Le frein principal tient à la répartition géographique. Il est essentiel de pouvoir réunir tous les habitants autour d’une programmation commune, ce que ne facilite pas son morcellement. Autre difficulté, de grands écarts générationnels entre une partie vieillissante de la population et une autre très jeune, ce dont la programmation doit tenir compte sachant que les attentes diffèrent.
Le lien avec la Métropole Aix-Marseille-Provence ?
Depuis deux ans, on constate une baisse significative des soutiens de la Métropole, qui rend difficile de conserver nos acquis.
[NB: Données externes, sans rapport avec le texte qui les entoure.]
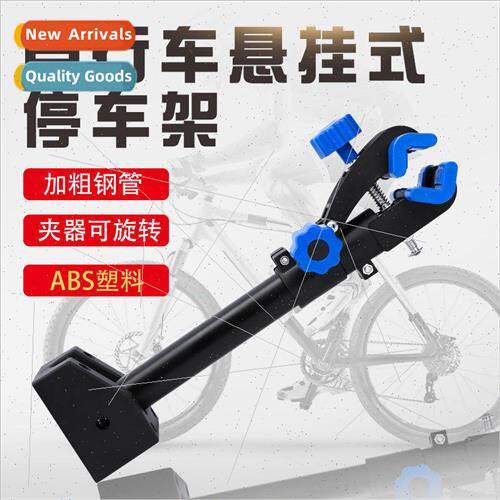 Mountain Bike Accessories Hanging Racker Hanging Tune-up Rep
Nous ne connaissons pas encore le budget alloué pour 2022… Comment alors construire une programmation, car ce budget permet de choisir les spectacles du catalogue des tournées intercommunautaires pour compléter notre offre propre ? Les petites communes ont de plus en plus de mal, surtout depuis 2020, à financer des événements alors que le soutien de la Métropole devrait servir à cela.
Côté Département, nous bénéficions de la programmation “Provence en scène”, avec un catalogue de spectacles très riche et très varié proposé uniquement par des acteurs du territoire, ce qui représente un soutien important aux intermittents. Nous travaillons aussi avec la bibliothèque départementale pour des animations.
Vos relations avec la Région, la DRAC ?
La DRAC devrait participer, on l’espère, au financement de la construction et de l’équipement de l’extension de la médiathèque que nous créons dans le nouveau quartier, en particulier pour le numérique, avec l’appui d’un conseiller et des financements de France Relance. Elle devrait aussi prendre partiellement en charge du personnel pour l’extension des horaires d’ouverture. Les rapports sont donc très bons avec la DRAC ainsi qu’avec la Région puisque sa régie culturelle nous permet de louer du matériel pour les expositions, concerts et animations.
Estimez-vous qu’il manque des espaces de concertation entre collectivités ?
Il y a en effet un effort de concertation à faire. Pour ma part je participe à la commission culture du Pays d’Aix, qui fait maintenant partie de la Métropole. Mais nous ne nous réunissons qu’une fois par mois. Et la crise sanitaire ne nous aide pas. Nous entretenons cependant des liens privilégiés avec certaines communes avec qui nous partageons le même passé, notamment minier : Gardanne et Gréasque.
Quel message pour l’élection présidentielle ?
La culture fait partie des parents pauvres des politiques nationales, avec la baisse de ses moyens depuis une quinzaine d’années. Il est dommage de voir fondre comme neige au soleil les aides dont nous bénéficiions auparavant. C’est d’autant plus compliqué pour nous que nous avons fait le choix d’une politique de gratuité pour permettre un accès plus large à la culture. Il faudrait que nous puissions être porteurs de projets et que nous soyons entendus… Peut-être est-ce un peu utopique, mais mon leitmotiv serait “la culture pour tous et partout”, c’est-à-dire pas seulement dans les grandes villes. Nous devrions avoir le possibilité d’avoir notre propre programmation pour pouvoir proposer dans la commune ce qu’on peut voir dans les grandes villes. Tout le monde n’a pas forcément les moyens de se déplacer.
Vous venez d’adhérer à la FNCC. Pourquoi ?
Les formations m’ont beaucoup intéressée – j’ai participé à celle sur les résidences d’artistes –, en particulier pour les échanges avec d’autres communes, ce qui permet de profiter de leur expérience. Pour nous qui avons un projet de résidence dans les années à venir, cette formation m’a été très utile. Il a donc été décidé de poursuivre l’adhésion, car l’expérience des autres communes ne peut que nous être très bénéfique. Plus globalement, je n’ai pas d’attente particulière de la FNCC mais je suis preneuse de toutes les informations que la Fédération nous fait parvenir.